Há não muitos anos, Verão era Verão, Inverno era Inverno e, conseqüentemente, também Outono e Primavera tinham suas características bem marcadas. Quando as folhas das árvores, terminando seu ciclo de vida como folhas, desciam dos galhos ao sabor dos beijos dos ventos para banhar-se nas poças de chuva, era Outono. Quando flores de todas as espécies coloriam e perfumavam avenidas e ruas, era Primavera, clima agradável, quadro vivo de terna harmonia.
Durante os tais não muitos anos que passaram desde então, a cidade cresceu, inchou, multiplicando caminhos de asfalto onde havia árvores, substituindo cada semana inúmeras plantas por imóveis de grande altura ou por cabos telefônicos entre outros.

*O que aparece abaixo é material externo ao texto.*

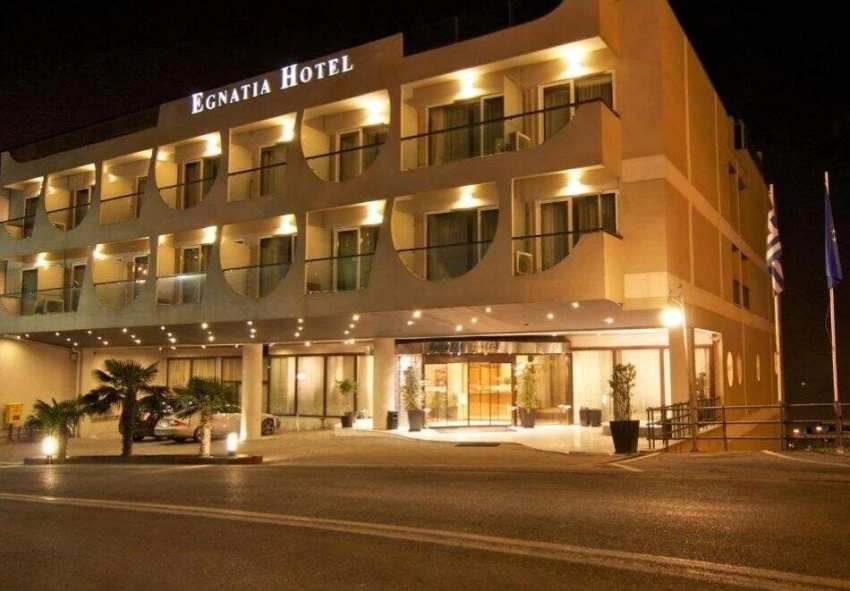  Коледа в Кавала, Гърция! 4 нощувки на човек със закуски + Коледна Гала вечеря в Egnatia City Hotel &amp; Spa**** 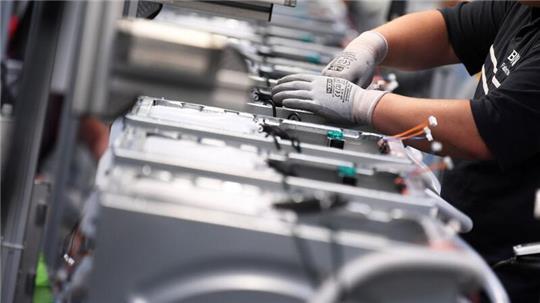 Die deutschen Elektroexporte dürften auch das vergangene Jahr insgesamt mit einem nominellen Zuwachs abgeschlossen haben.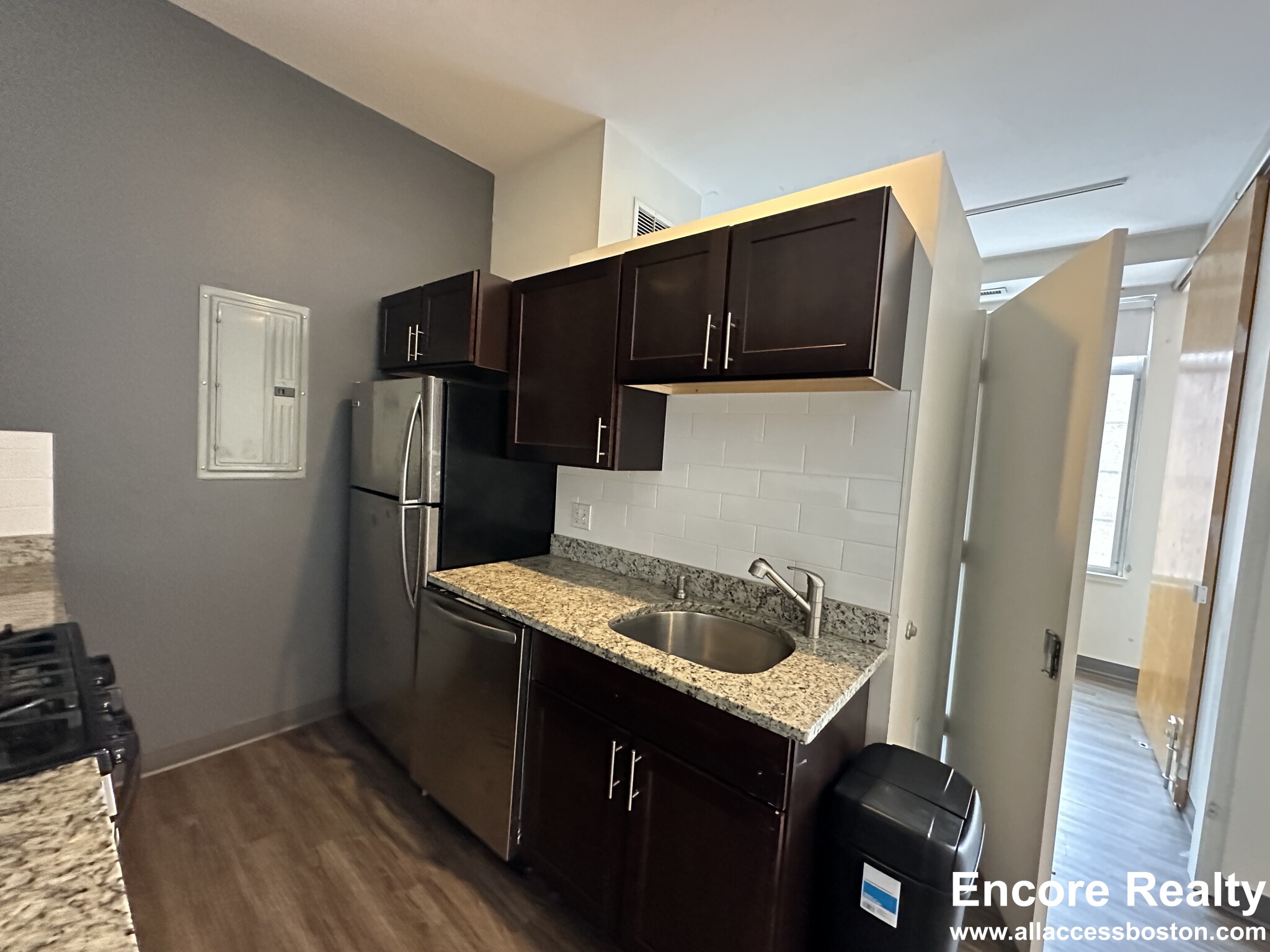 2 bed, 1 bath apartment for rent at 160 East Berkeley St Unit 306, South End — photo 6 of 32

Até o majestoso chorão que bondosamente oferecia seus galhos às minhas pequenas mãos à janela da sala, da qual era verdejante cortina, foi sacrificado em nome da proteção dos canos do imóvel, dos carros que estacionassem nas proximidades, da limpeza da calçada, como se as folhas que tão gentilmente derramava para atapetar nossa entrada fossem sujeira...
O clima cedeu a tais forças e hoje temos todas as estações num mesmo dia e nenhuma na época esperada. Já não é possível saber quais as roupas adequadas pois manhãs frias podem seguir-se de tórridas tardes e estas, de noites frescas ou geladas...

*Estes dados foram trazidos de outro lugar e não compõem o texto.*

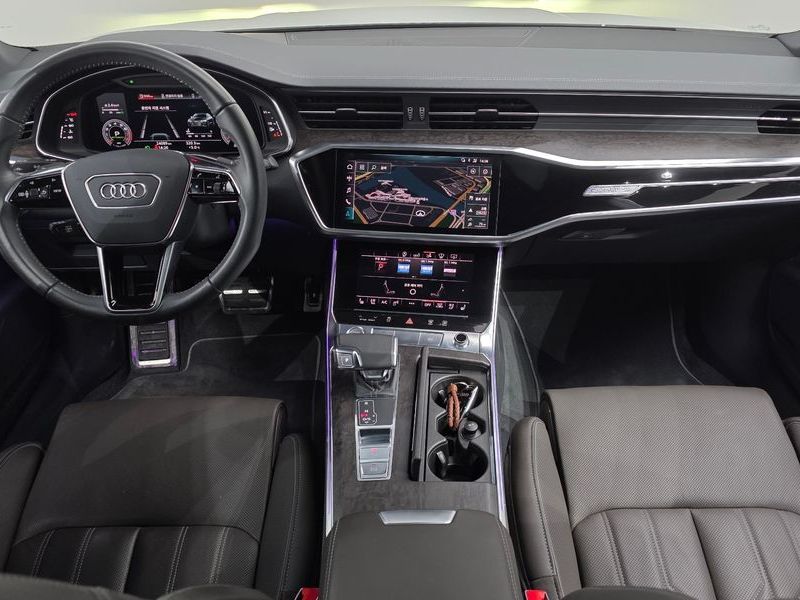 2020 Audi A7 55 TFSI Quattro Premium photo 7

Coisas de tempos muito apressados, industrializados, eletrônicos mas nem tão saudáveis...
Quando havia estações, no início do inverno, com sua maravilhosa caligrafia meu pai desenhava no calendário, dentro do quadrinho de cada dia, números decrescentes a partir de noventa. Cada dia, riscava um dos números que traçara, comunicando quantos faltavam para a esperada Primavera. Havia semanas que sentíamos longas como um filme chato, outras nem tanto até que, como flor incomparável , se oferecia a nosso encanto seu sorriso de particular plenitude, para anunciar a chegada do império dos jardins.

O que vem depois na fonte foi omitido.